Short web captions

———

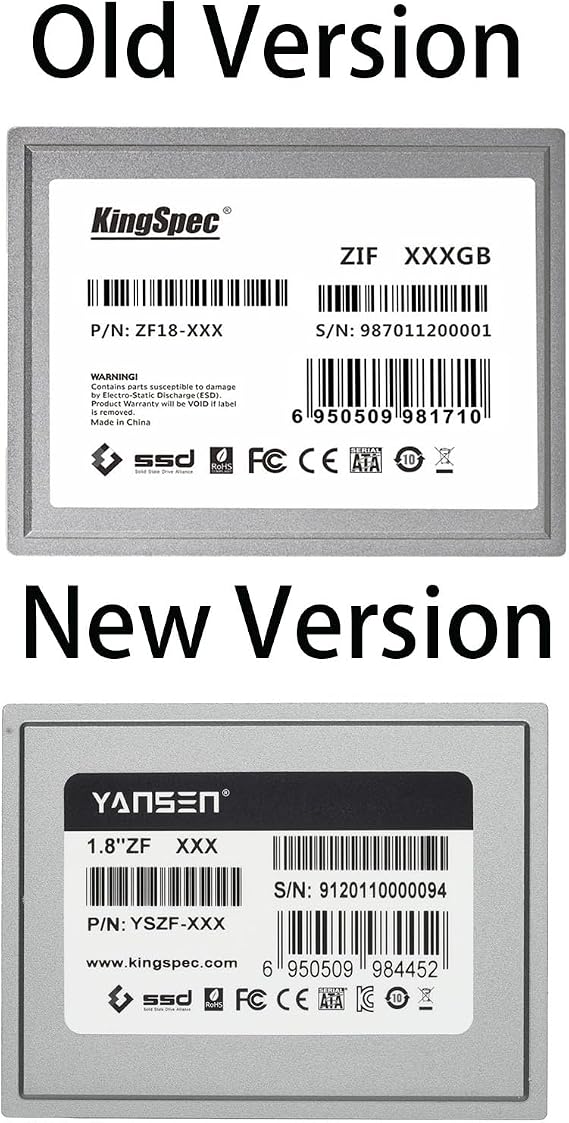KingSpec Yansen 64GB 1.8 ZIF 40-pin SSD, MLC Flash Internal Solid State Drive for Compact PC/Old Laptop/Media Player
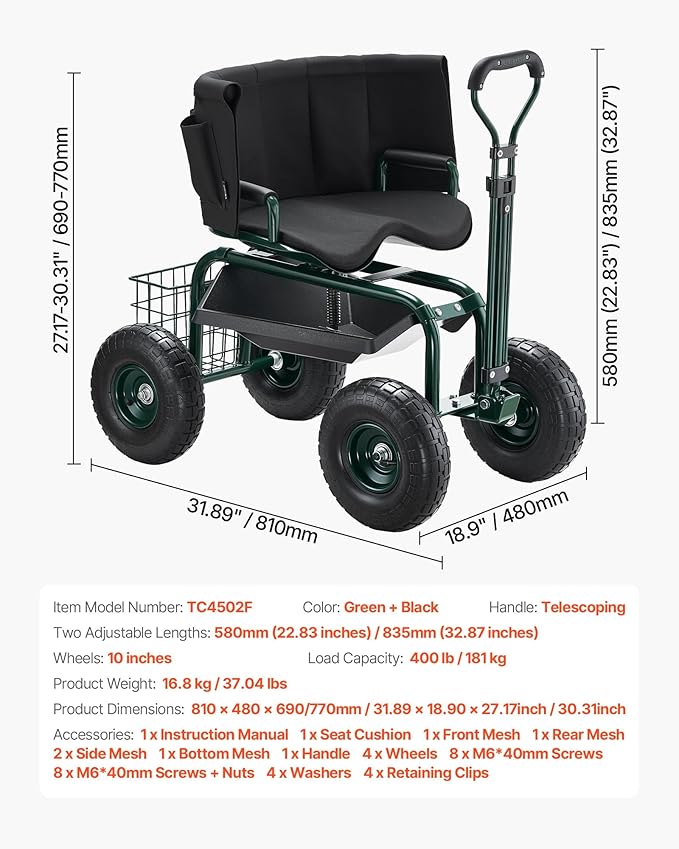 VEVOR Garden Seat with Wheels Rolling Garden Stool with Height Adjustable &amp 360° Swivel Seat 400lbs Weight Capacity Gardening Cart Bench Ergonomic Backrest &amp Tool Storage for Yard Patio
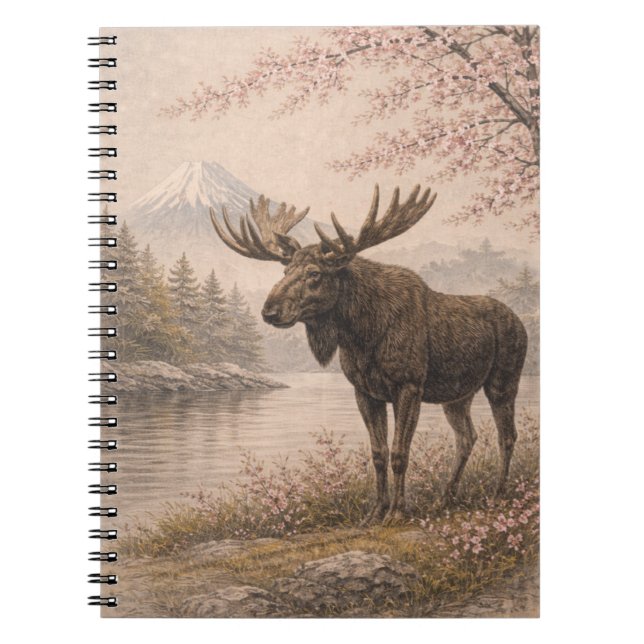Moose Japanese Landscape Notebook, Wildlife Fusion Anteckningsbok (Framsidan)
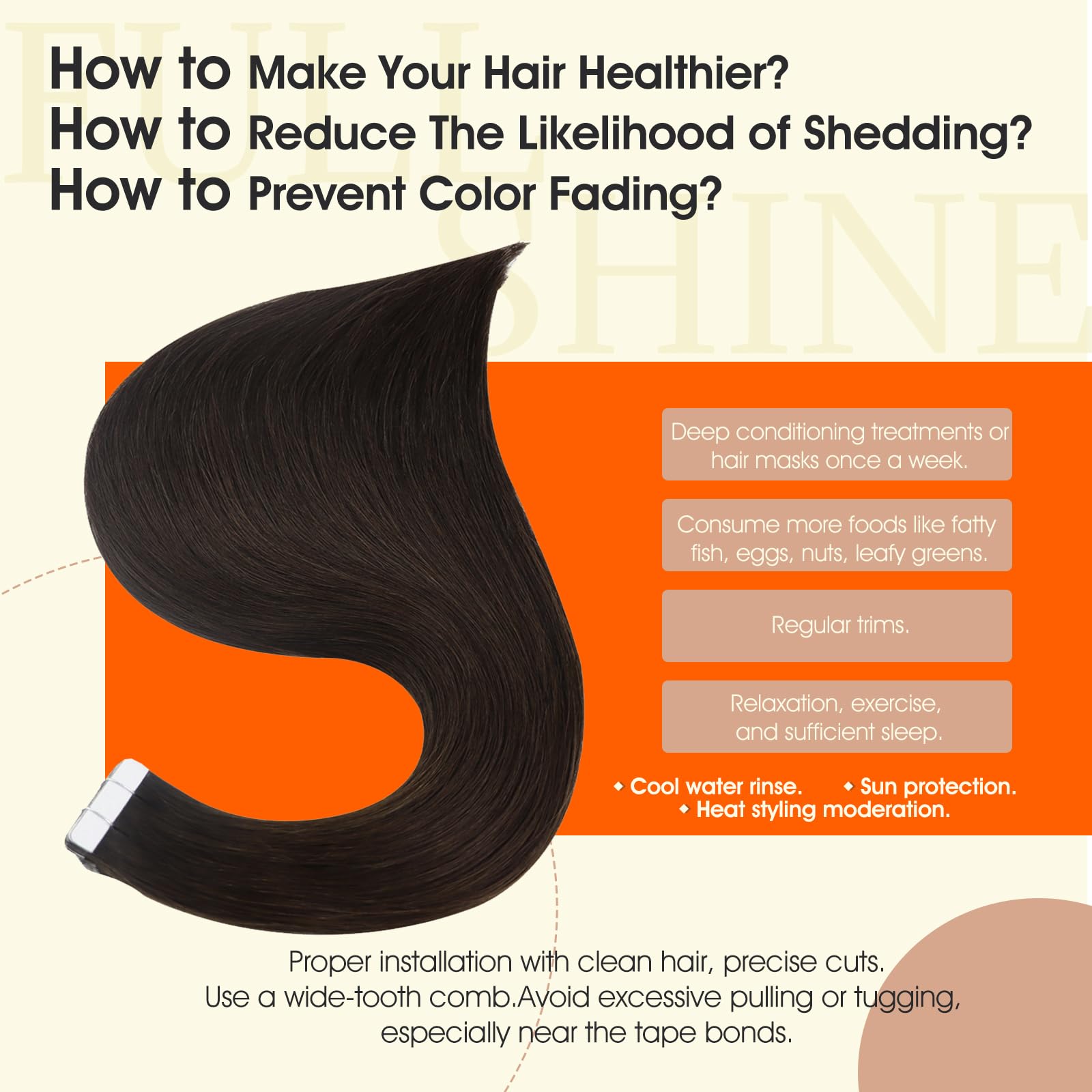 Textura suave del cabello Remy para un acabado liso y natural.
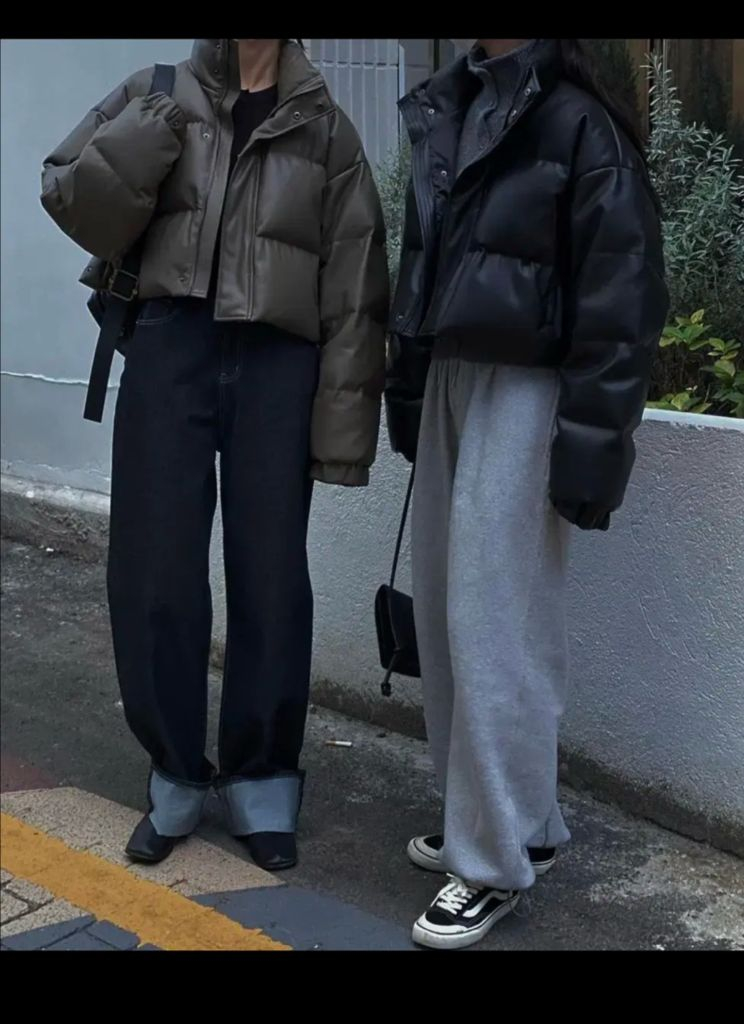 트리밍버드 덕다운 레더 패딩 블랙 이미지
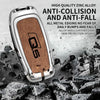 A close-up of an Audi Q5 key fob cover made of high-quality zinc alloy with anti-collision and anti-fall features resting on 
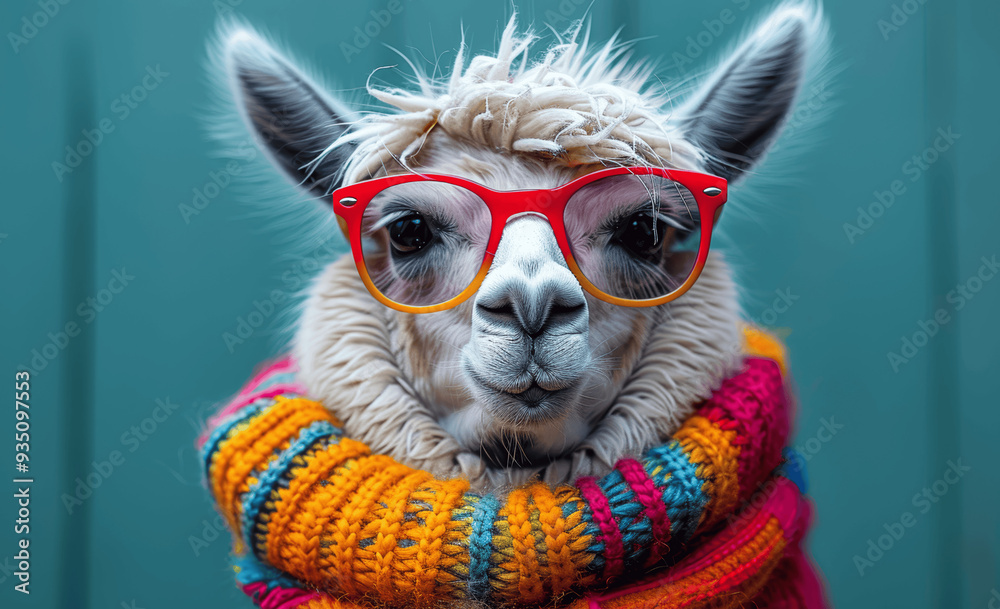 Llama Wearing Red Glasses And Colorful Knitted Scarf Llama Wearing Red Glasses And Colorful Knitted Scarf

———

--- Required action ---
Without including a single picture, restate all of the data word for word.

--- Solution ---
KingSpec Yansen 64GB 1.8 ZIF 40-pin SSD, MLC Flash Internal Solid State Drive for Compact PC/Old Laptop/Media Player
 VEVOR Garden Seat with Wheels Rolling Garden Stool with Height Adjustable &amp 360° Swivel Seat 400lbs Weight Capacity Gardening Cart Bench Ergonomic Backrest &amp Tool Storage for Yard Patio
Moose Japanese Landscape Notebook, Wildlife Fusion Anteckningsbok (Framsidan)
 Textura suave del cabello Remy para un acabado liso y natural.
 트리밍버드 덕다운 레더 패딩 블랙 이미지
 A close-up of an Audi Q5 key fob cover made of high-quality zinc alloy with anti-collision and anti-fall features resting on 
 Llama Wearing Red Glasses And Colorful Knitted Scarf Llama Wearing Red Glasses And Colorful Knitted Scarf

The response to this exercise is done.